Focus groups are interesting because you get an opportunity to sit down with your customers and hear what they think. The problem is that they, like most of us, can’t really know how they will react to a product until they get to see and feel it in their own living room/computer. Not to delve too deeply into the philosophical realm, but this in part is caused by what is known as social construction. Put very simply, we make meaning of everything (and we do mean everything—it’s been argued that we do this for reality itself) by labeling things with the meaning that is most broadly held within our social groups. While we can form our own opinions, they are most often just reflections or built on what others believe. So, how do you get around this problem of not being able to trust what customers say? Launch quickly and watch your customers’ reactions.

Watching your customers can be done in a number of ways. Simply keeping track of usage and adoption of new features is a great start. The more classic A/B testing is even better. This is when you segment your customers into A-group and B-group randomly and allow A-group to have access to one version of the product and B-group to the other version. By comparing results, such as abandonment rates, time spent on site, conversion rates, and so on you can decide which version performs better. Obviously some forethought must be put into the metrics that are going to be measured, but this is a great and fairly accurate way to compare product versions.

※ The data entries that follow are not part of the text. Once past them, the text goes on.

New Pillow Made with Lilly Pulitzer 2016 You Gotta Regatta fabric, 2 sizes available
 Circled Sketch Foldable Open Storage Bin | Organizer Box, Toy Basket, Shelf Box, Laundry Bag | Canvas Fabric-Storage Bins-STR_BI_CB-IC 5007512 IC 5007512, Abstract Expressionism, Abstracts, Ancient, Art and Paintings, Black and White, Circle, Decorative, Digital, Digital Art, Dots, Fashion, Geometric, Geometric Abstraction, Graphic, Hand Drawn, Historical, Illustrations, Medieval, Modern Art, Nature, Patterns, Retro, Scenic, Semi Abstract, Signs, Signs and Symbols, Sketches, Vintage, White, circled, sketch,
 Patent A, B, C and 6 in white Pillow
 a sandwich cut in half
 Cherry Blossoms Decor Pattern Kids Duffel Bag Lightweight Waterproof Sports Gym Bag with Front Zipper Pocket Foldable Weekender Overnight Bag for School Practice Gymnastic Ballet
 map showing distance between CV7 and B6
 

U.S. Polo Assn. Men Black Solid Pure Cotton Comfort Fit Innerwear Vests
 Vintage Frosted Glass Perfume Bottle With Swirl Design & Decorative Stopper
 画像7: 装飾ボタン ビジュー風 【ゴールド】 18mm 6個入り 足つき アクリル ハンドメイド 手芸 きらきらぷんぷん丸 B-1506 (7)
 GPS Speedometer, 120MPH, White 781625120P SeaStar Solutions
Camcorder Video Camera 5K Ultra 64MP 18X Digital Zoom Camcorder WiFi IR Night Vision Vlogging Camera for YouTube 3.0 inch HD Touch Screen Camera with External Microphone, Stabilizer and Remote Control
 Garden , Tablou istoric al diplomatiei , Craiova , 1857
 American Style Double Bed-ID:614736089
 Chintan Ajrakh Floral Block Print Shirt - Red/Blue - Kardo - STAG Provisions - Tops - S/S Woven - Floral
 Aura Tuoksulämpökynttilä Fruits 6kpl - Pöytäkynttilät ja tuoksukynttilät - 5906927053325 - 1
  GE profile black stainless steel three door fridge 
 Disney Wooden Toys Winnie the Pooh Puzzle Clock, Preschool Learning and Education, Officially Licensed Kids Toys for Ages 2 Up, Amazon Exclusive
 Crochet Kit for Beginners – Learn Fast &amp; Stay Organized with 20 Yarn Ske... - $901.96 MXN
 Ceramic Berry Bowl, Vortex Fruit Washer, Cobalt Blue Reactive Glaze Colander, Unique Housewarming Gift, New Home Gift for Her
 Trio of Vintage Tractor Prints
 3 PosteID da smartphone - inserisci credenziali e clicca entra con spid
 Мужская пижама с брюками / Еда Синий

The other areas in which you must constantly learn if you want to achieve scalability are technology and business operations. We’ll talk more about this topic in Rule 30, but you must not let incidents or problems pass without learning from them. Every site issue, outage, or downtime is an opportunity to learn how to do things better in the future. If you don’t take time to perform a postmortem on the incident, get to the real root cause, and put that learning back into the organization so that you don’t have that same failure again, then you are bound to repeat your failures. Our philosophy is that while mistakes are unavoidable, making the same mistake twice is unacceptable. If a poor performing query doesn’t get caught until it goes into production and results in a site outage, then we must get to the real root cause and fix it. In this case the root cause goes beyond the poorly performing query and includes the process and people that allowed it to get to production. By establishing a peer review of all code, DBA review of all queries, or even a load and performance test, we can minimize the chance that we allow poor performing queries into our production environment. The key here is to learn from everything—mistakes as well as successes.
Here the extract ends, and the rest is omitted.